A boat passing the colourful houses on Bristol harbourside
The colourful houses of Hotwells

I know from my own research that an early owner of the house captain Edmund Saunders  was involved in at least twenty slaving voyages and I have written a little bit  about the Bristol Slave trade before.  The Bristol slave trade. 

In fact he lived at number 11 and he let number 10 to another slave ship captain Joseph Smith. I think most Bristolians find this a very problematic heritage. It is true that much of Bristol’s wealth came from the profits of the triangular slave trade. The same traders whose boats carried slaves to America and the West Indies in terrible conditions also built alms houses for the poor and built a beautiful theatre for the city. Many Bristolians made their fortunes from making copper and brass goods for trade to Africa or from refining the sugar that was brought back from the West Indies.

Captain Saunders was himself an elder of the beautiful St. Mary Redcliffe church which is close by and I know there was a sugar house in Guinea Street.  The house has also revealed other secrets: The story of Martha Redcliffe a foundling  baby left on the doorstep of number 10 and Thomas a black servant who managed to run away.

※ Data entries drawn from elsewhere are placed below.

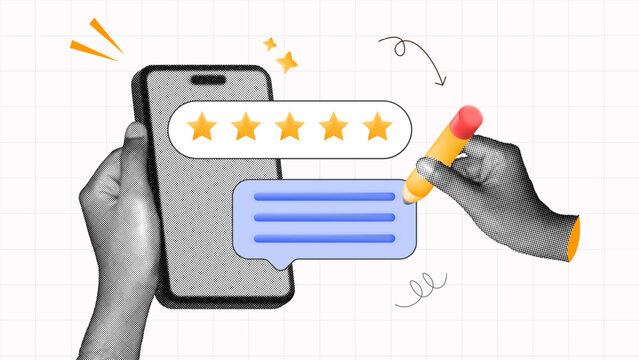 halftone collage, Customer feedback with smartphone, star rating, and review writing. SEO, user experience, testimonials, and visual reputation management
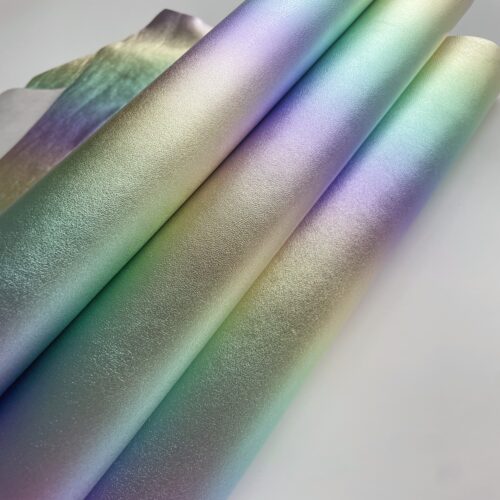意大利进口nappa绵羊皮彩虹炫彩渐变真皮皮料手工DIY平纹羊皮整皮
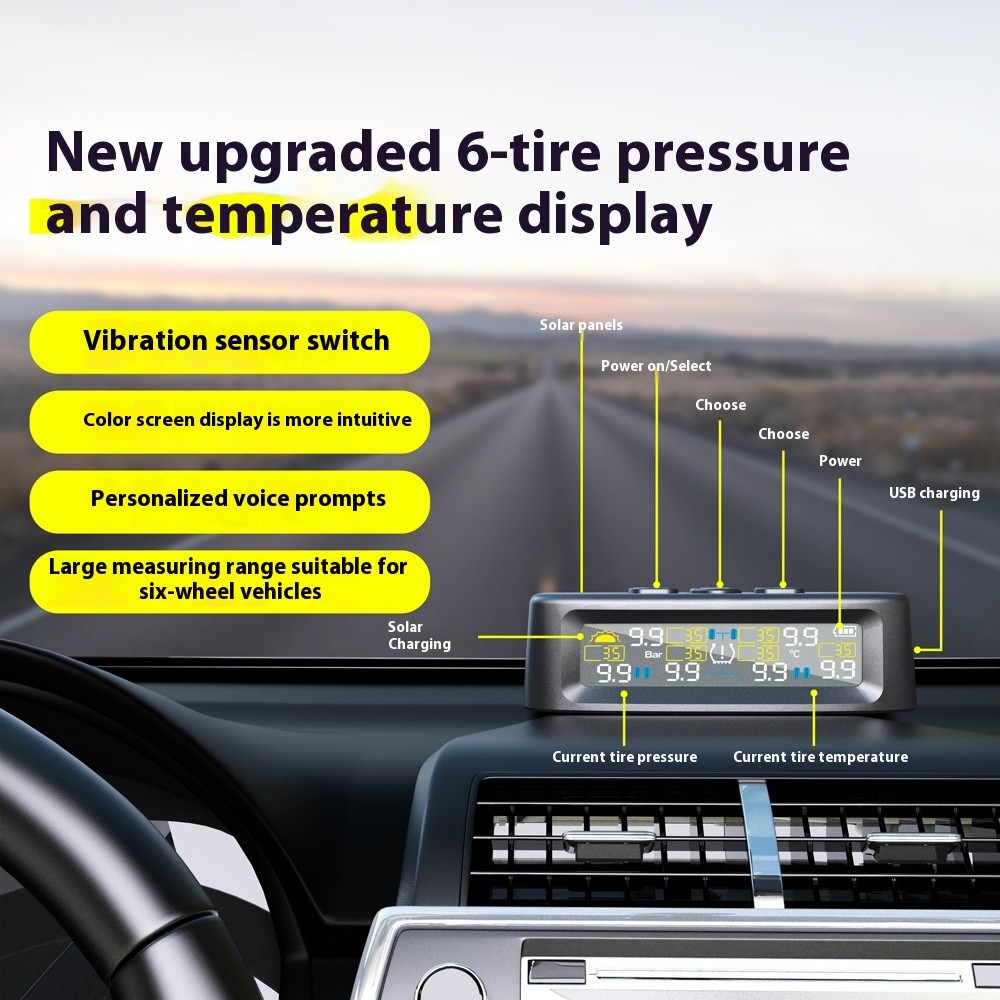 T12 Six-wheel Tire Pressure Monitoring Solar TPMS External RV Truck Built-in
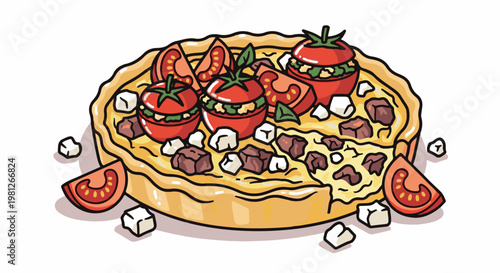 Delicious cartoon-style pie with tomatoes, meat, and cheese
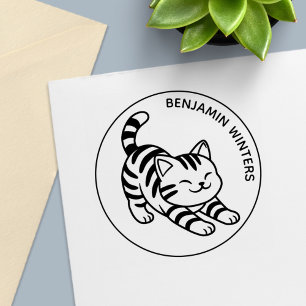 Stretching Tabby Cat Custom Text Self-inking Stamp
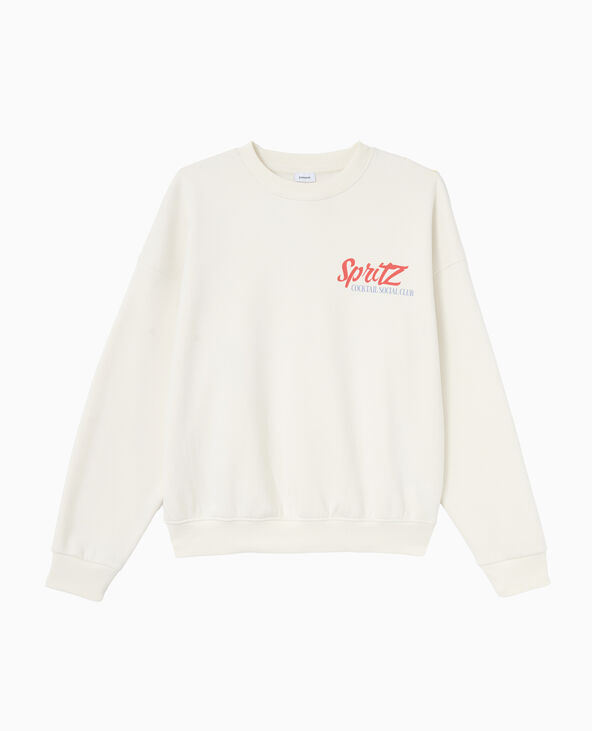 Sweat oversize avec print poitrine et dos blanc - Pimkie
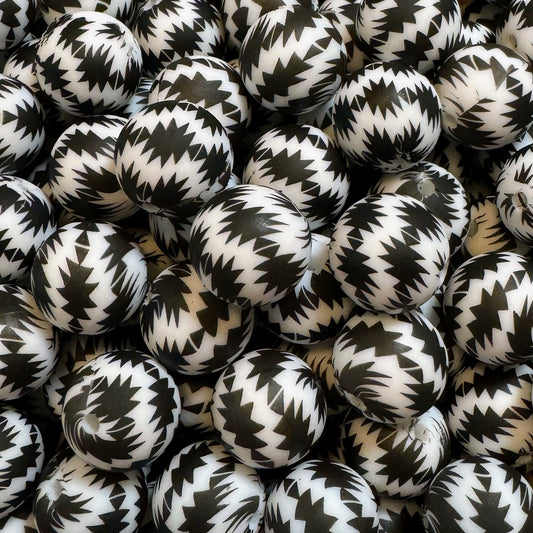 15mm Black & White Aztec Silicone Bead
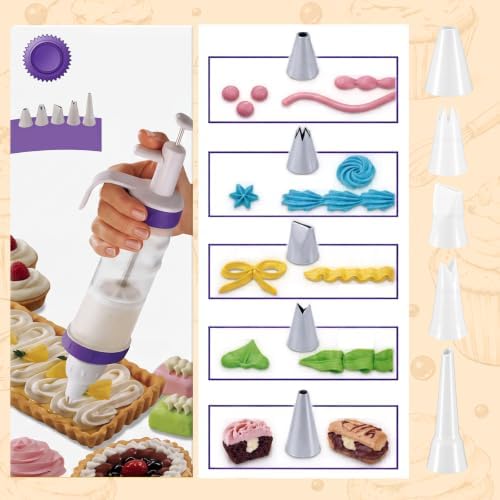 Cake Decorating Piping Kit with 7 Nozzles 3 Scrapers for Cupcake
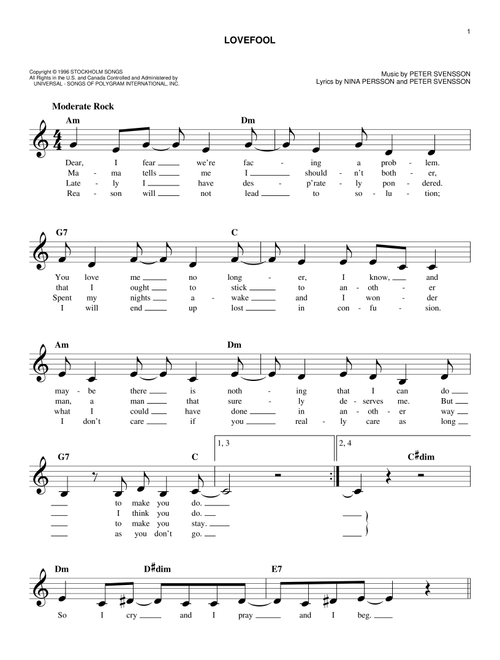 Lovefool - The Cardigans (Easy Lead Sheet - Fake Book)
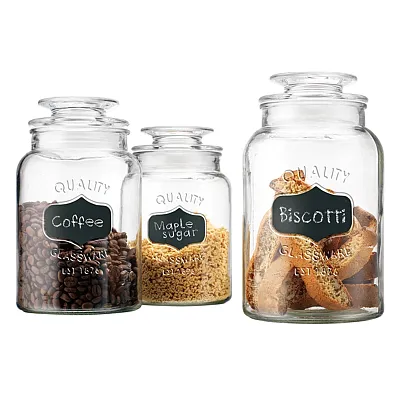 Eurohome Ew65079 Glass Canister With Chalkboard Label 3-Piece Set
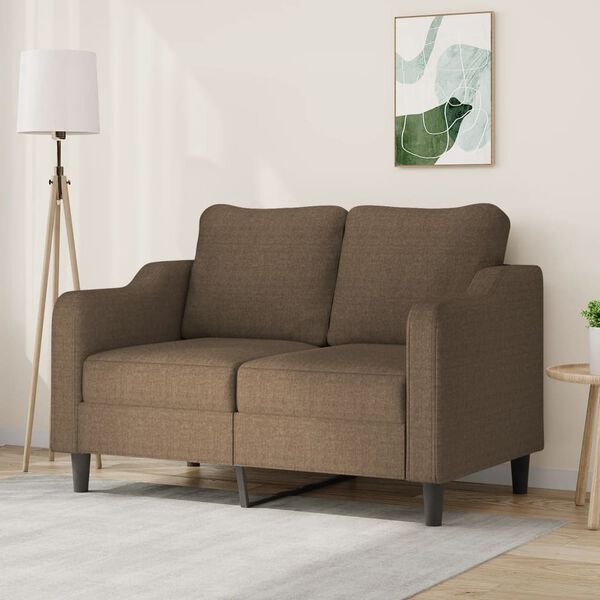 vidaXL Canap&eacute; &agrave; 2 places Marron 120 cm Tissu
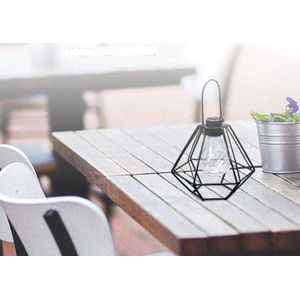 The white series - Solar lamp- buitenverlichting- Diamond shape - Duo pack (set van 2) - Vintage rustic design- warm light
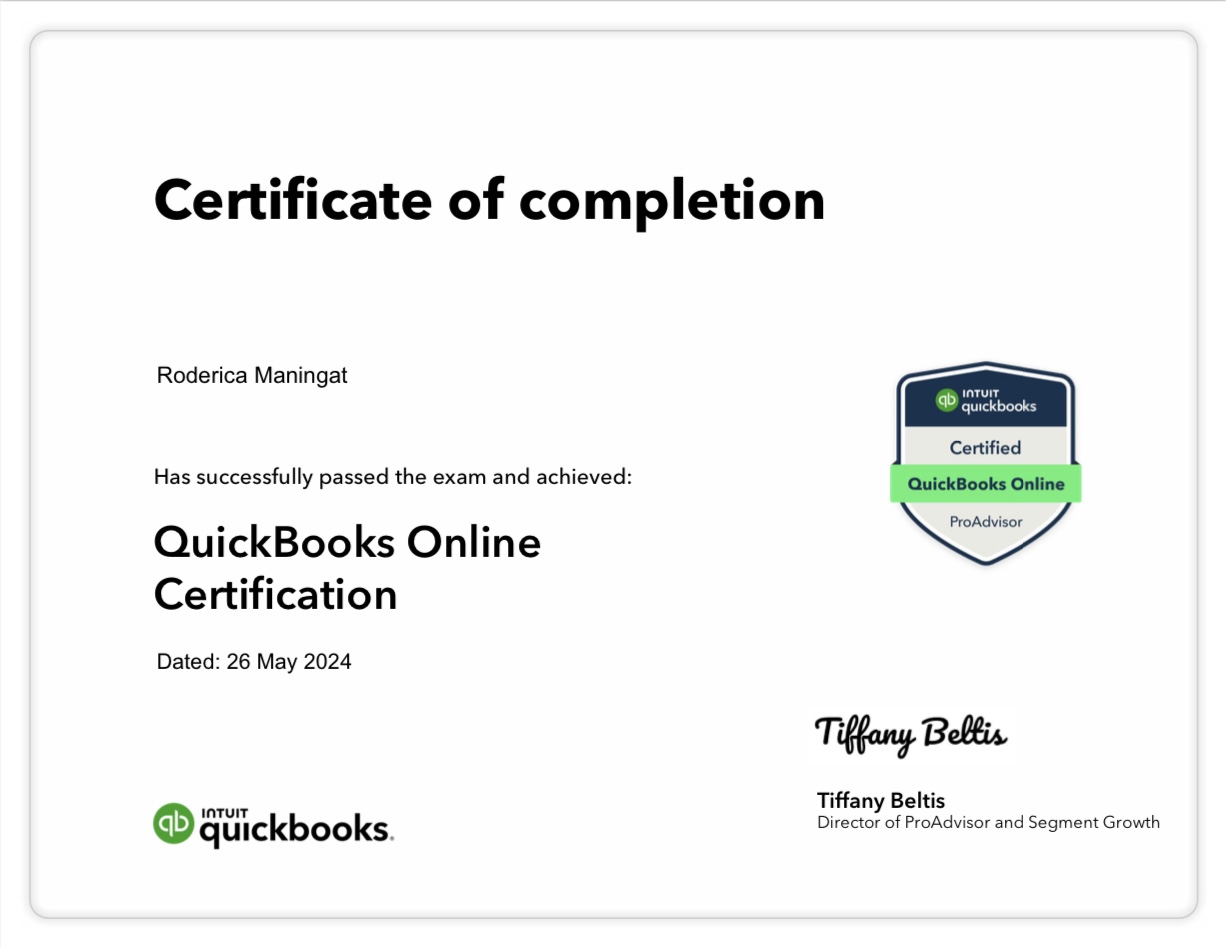 QuickBooks Online Certificate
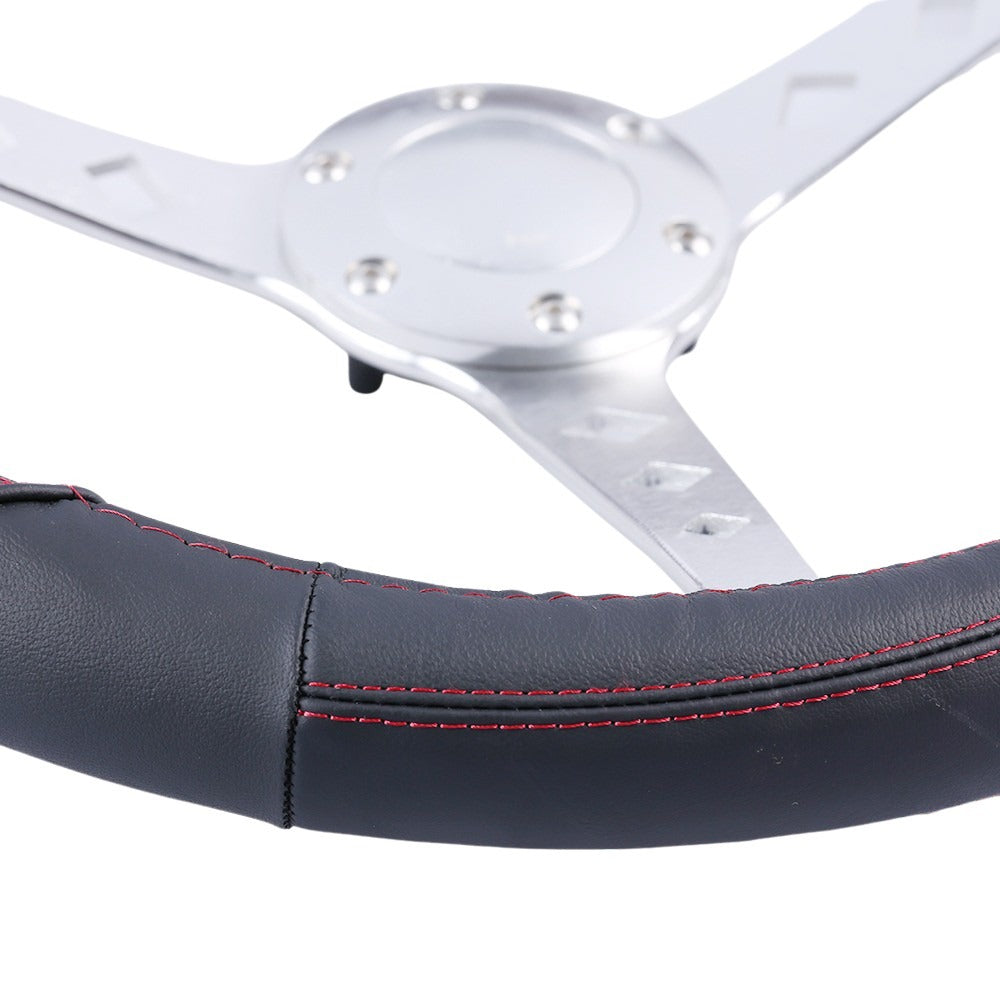 Nevada Steering Wheel Cover - Black/Red [Leather]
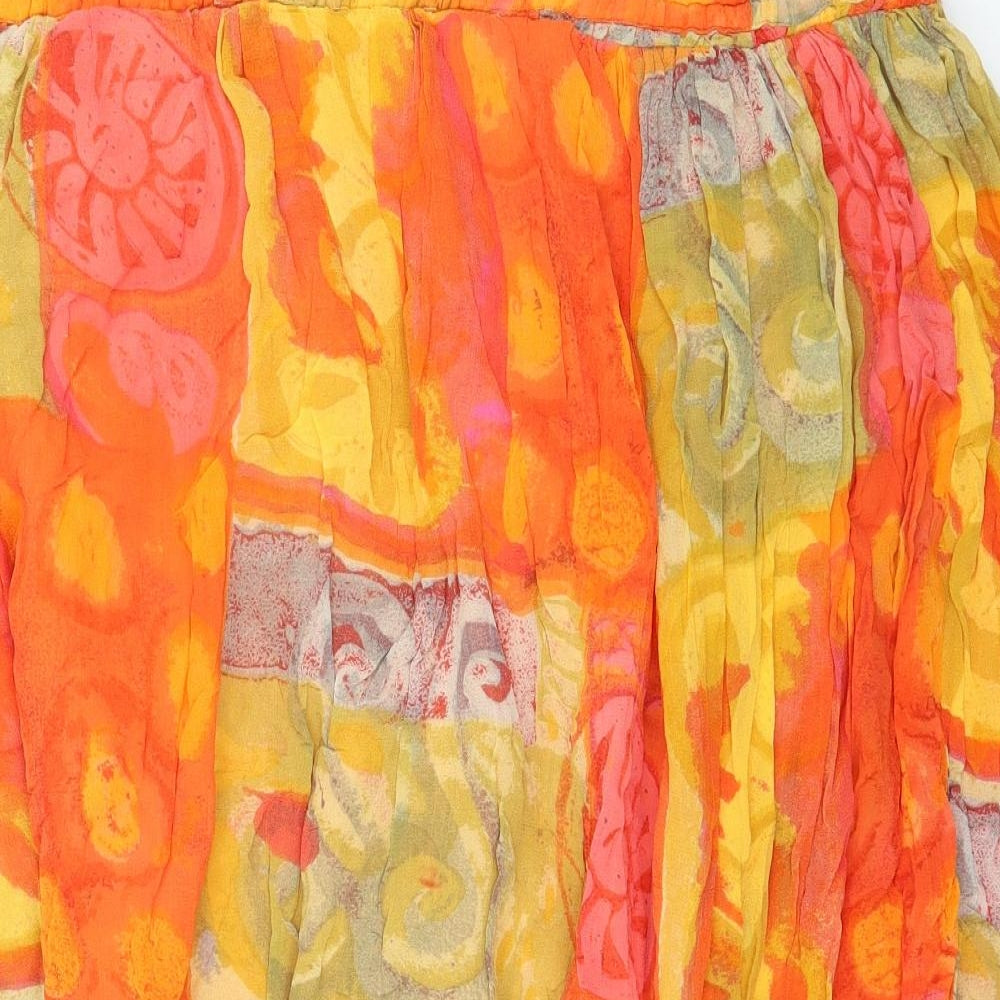 Preworn Womens Orange Geometric  Flare Skirt Size 42 in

The facade of St. Mary Redcliffe Church
St Mary Redcliffe Church

I am also hoping to learn more about the history of Bristol particularly about the part Bristolians played in the abolition of slavery. In the first programme I learnt that John Wesley, the founder of Methodism and an ardent abolitionist actually built one of his first chapels in Guinea Street and preached there himself. Unsurprisingly none of the residents of number 10 were listed in the membership records. That chapel has disappeared but you can visit his first chapel, the New Room in Broadmead  which has a small museum.

Update

I have just heard that the present owners have placed the house for sale on Rightmove with a guide price of £800,000 and the BBC have commissioned a fourth series of a house through time to be set in Leeds.

 

Author: Anne Fraser

Hi, I am Anne, I am a retired nurse from Bristol in South West England. I am married with five grown up children, four boys and a girl , a grandson and a cat. I like History, travel and reading. I hope to connect with other people with similar interests.

12 thoughts on “A house through time series 3 Guinea Street Bristol”

  1. Hi Anne – it sounds like an interesting series – although more so for those in the UK than for the rest of us. I’m glad it inspired you to do some extra research and to find a history that pre-dates a lot of Australian history (we’re a very young country). Thanks for linking up with us at MLSTL (but please keep the guidelines in mind when you choose a “lifestyle” post to share) and I’ve shared this on my SM 🙂

  2. Its funny that I read this post today as last night I watched an episode of not Antiques Roadshow but sort of like that where they visited Bristol and talked about the trading and the Bristol blue glass. And then this morning I read this. It’s like my new cookbook Oats In The North where the dedication is an acknowledgement that most of the cakes, gingerbreads & biscuits in teh book wouldn’t have existed if not for sugar imports made possible due to slavery. “Sugar has a cost, and that cost was paid by those held in bondage.” #MLSTL

    1. A lot of antiques shows are made in Bristol. My daughter and her friend were on bargain hunt a few years ago. The early methodists refused to put sugar in their tea because of slavery.

  3. Hi Anne, I wonder whether we have access to this Series where I live. It looks very interesting. Fascinating about the links to slavery and like you say, accepting history. Also, as you mention, Anne, the owners have to let the T.V. Crew have access.